CEO Mukhtar Hussain said Malaysia’s big transport opportunity is to boost regional and local connectivity, while improving efficiency in the economy by creating an integrated transport system.
“It will also result in upgraded logistics capacity to enhance the country’s status as a regional hub for international trade. This is a key focus area for the country under the government’s 11th Malaysia Plan,” he said in a statement yesterday.
Mukhtar said planned infrastructure spending for the country from 2016 to 2020 is estimated at US$85 billion (RM364.65 billion), up from the US$50 billion spent from 2011 to 2015.
He added that railway financing is the key anchor of planned transport spending, as seen by the significant investments that have been made in rail projects that are at the forefront of the country’s list of mega projects.
“This will include upgrading existing mass transit capacity,” he added. Malaysia also stands to benefit from China’s Belt and Road Initiative (BRI) infrastructure investment drive. This can be seen by China’s involvement in major Malaysian rail projects such as the East Coast Rail Link and Kuala Lumpur-Singapore high-speed rail project, he said.
At the same time, a strategic partnership between Melaka and the Chinese province of Guangdong aims to promote the development of various projects that will help establish the former as a strategic port and hub along the Belt and Road route, Mukhtar said.
• Asean marks its 50th anniversary with its biggest economies pledging to double infrastructure investments to more than US$700 billion in a five-year span.
Mukhtar said infrastructure-backed growth will enhance the development of trade and tourism to drive sustainable economic growth for decades to come.
Transport initiatives are a key focus for budgeted spending in the 10-member economies of Asean till 2020, he added.

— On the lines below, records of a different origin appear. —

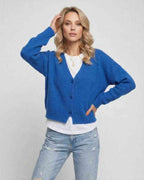 Model wearing a vibrant blue Nova Cardigan from Lauven, showcasing its relaxed fit and cozy knit style.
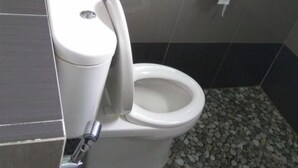 A toilet with a bidet attachment in a tiled bathroom.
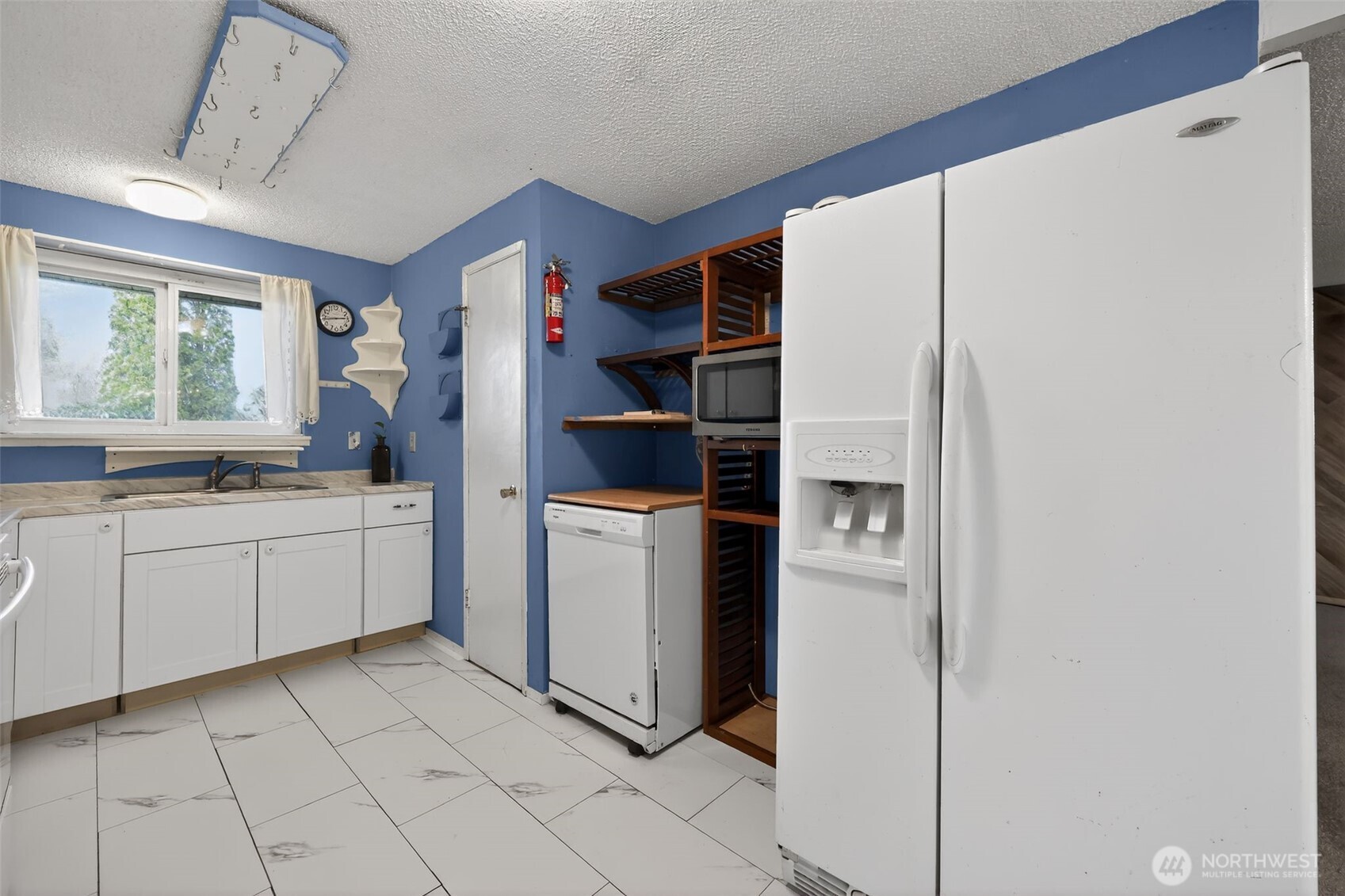 1010 Coolidge Road Aberdeen, WA 98520 - Photo 10 of 22 a kitchen with a refrigerator and white cabinets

Mukhtar said the massive potential consumer spending power of a substantial, young and increasingly urban population is a key attraction for China under its BRI to upgrade the physical infrastructure, investment and business links that help drive trade.
According to the annual World Economic Forum Global Competitiveness Report, such investments are vital — given the infrastructure’s crucial role in creating long-term economic strength.
“The emphasis on building better connections to facilitate trade and investment, flow of goods and people in and around Asean cannot be underestimated. It will help domestic and international companies maximise opportunities inside one of the world’s most populous, fastest-growing and vibrant regions,” Mukhtar said.
Asean holds a combined gross domestic product of about US$2.8 trillion, and is already ranked as the world’s seventh largest economies on track to be in the top three by 2030.
Mukhtar said the World Bank data noted that improving transport links in the Asean supply chain will bring down import costs, which is a big achievement given that 70% of global trade is now in intermediate goods, services and capital goods.
“No small feat, considering that Asean trade volume is forecast to roughly double to US$2.8 trillion by 2025 from 2014,” he added.
Mukhtar said the increase in trade volume will be fuelled by consumption anticipated from 57 million new middle-class households being created in the coming decade,” he said.
Asean and China share a goal to double their bilateral trade to US$1 trillion by 2020 from around US$500 billion last year, “which makes business opportunities for infrastructure investment and the ecosystems that grow around major projects particularly compelling”, Mukhtar said.